For developing GNNs, we use PyTorch Geometric.
Nextflow has been included to orchestrate the GRN reconstruction pipeline.
The pipeline is composed of the following steps:
- Exploratory data analysis: View the GRN and calculate some summary statistics.
- Processing: Process the graph feature matrix and edge list.
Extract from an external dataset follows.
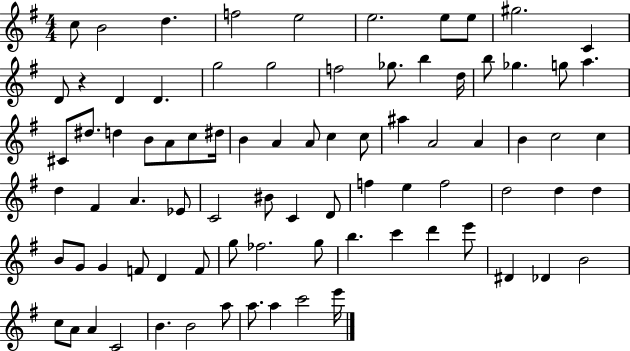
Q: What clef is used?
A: treble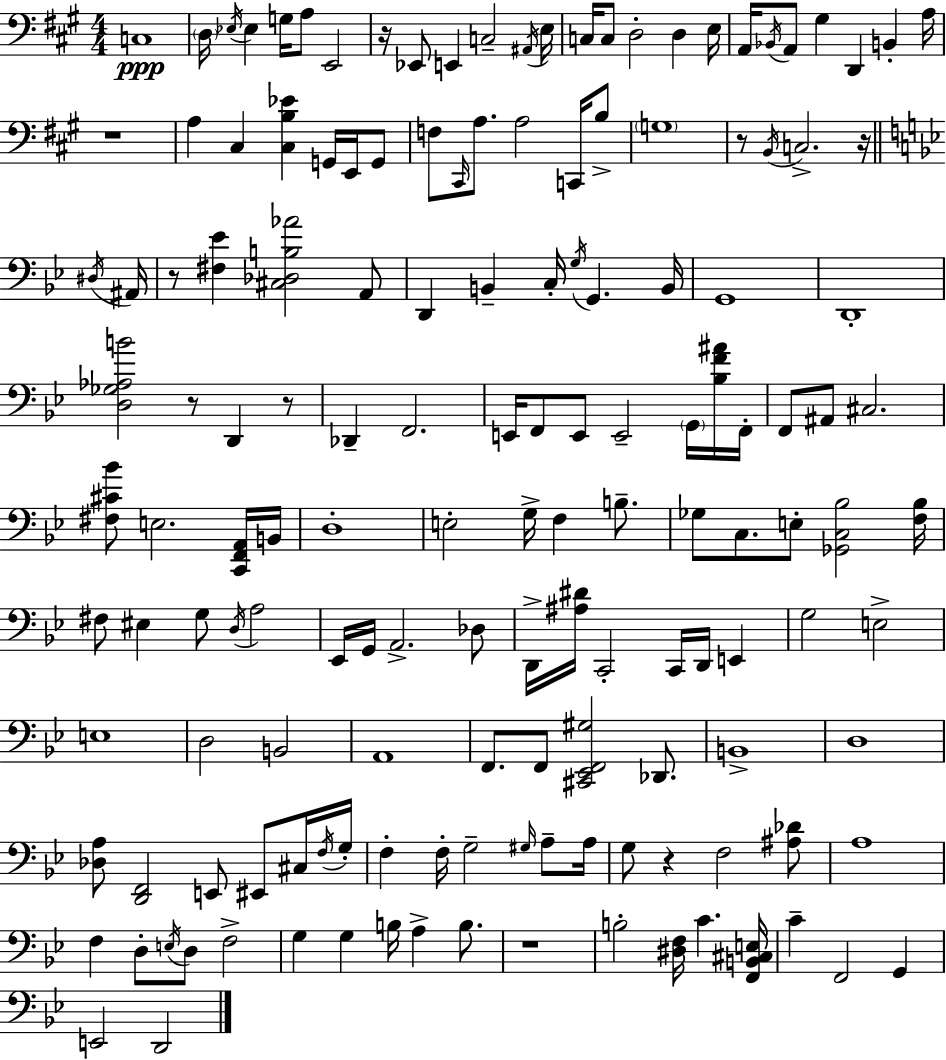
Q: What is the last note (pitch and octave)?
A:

Remove the disconnected subgraph.
- ArangoDB Importing: Import the graph into ArangoDB.
- GNN training: Train a GNN using SAGE convolutional layers.
- GNN training: Train a variational autoencoder GNN, and save the neural embeddings.
Run nextflow.sh to execute the full pipeline.
Run clean_nf.sh to clean up the output and logging files from the Nextflow run.
Python dependencies are specified in this requirements.txt file..
These dependencies are installed during the build process for the following Docker image: ghcr.io/jbris/nextflow-graph-machine-learning:1.0.0
Execute the following command to pull the image: docker pull ghcr.io/jbris/nextflow-graph-machine-learning:1.0.0
- A Docker compose file has been provided to launch an MLOps stack.
- See the .env file for Docker environment variables.
- The docker_up.sh script can be executed to launch the Docker services.
- DVC is included for data version control.
- MLFlow is available for experiment tracking.
- MinIO is available for storing experiment artifacts.